I had the privilege to take pictures of two different weddings in my time down here. Both have served as a sort of indicator to the excessiveness that permeates so much of my own culture in the US.

I shot the first wedding back at the beginning of September. I followed Esther, the bride, for the whole day, from putting on her dress to leaving for the hotel with her new husband. She got dressed in her parents home, a tin roofed, two-roomed place next to the river here in town. Her brother drove her to the wedding in a borrowed old Toyota corolla. The pastor married her and Jubenal, her new husband, in the small and slightly run-down evangelical church they had both attended since they were kids.
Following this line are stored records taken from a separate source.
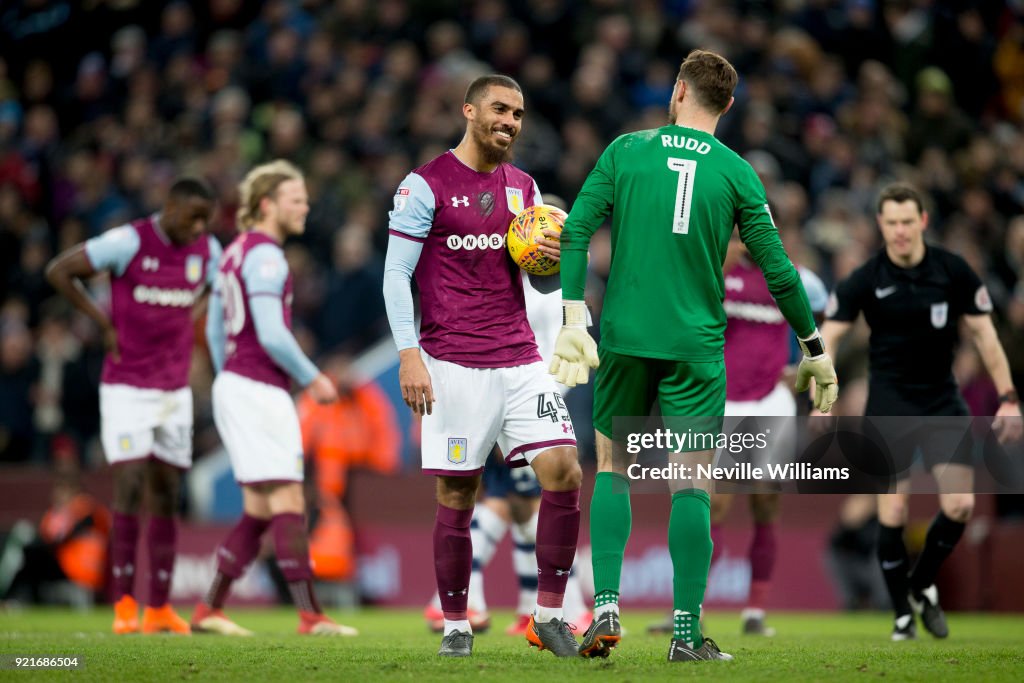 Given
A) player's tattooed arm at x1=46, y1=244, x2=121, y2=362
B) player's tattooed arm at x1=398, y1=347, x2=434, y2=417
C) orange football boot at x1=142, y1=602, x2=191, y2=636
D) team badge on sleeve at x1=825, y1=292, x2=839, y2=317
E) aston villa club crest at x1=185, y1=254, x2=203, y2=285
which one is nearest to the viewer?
player's tattooed arm at x1=398, y1=347, x2=434, y2=417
They went eight hours away by bus to Cusco for their honeymoon and returned extremely happy.

I can't help but compare this to so many American weddings I see. There are so many lies that persist in much of our consumerist culture. I am not buying into the fairy tale idea that you have to spend $3,000 on a ring, $5,000 on a dress, and much more for a fancy venue simply because it is a special occasion. At the end of the day the purpose of a wedding, the celebration of the love between two people and joining them in a holy bond, remains the exact same. I do not see the juncture of an American couple who spend more than twenty grand on their wedding as any stronger than that of Jubenal and Esther.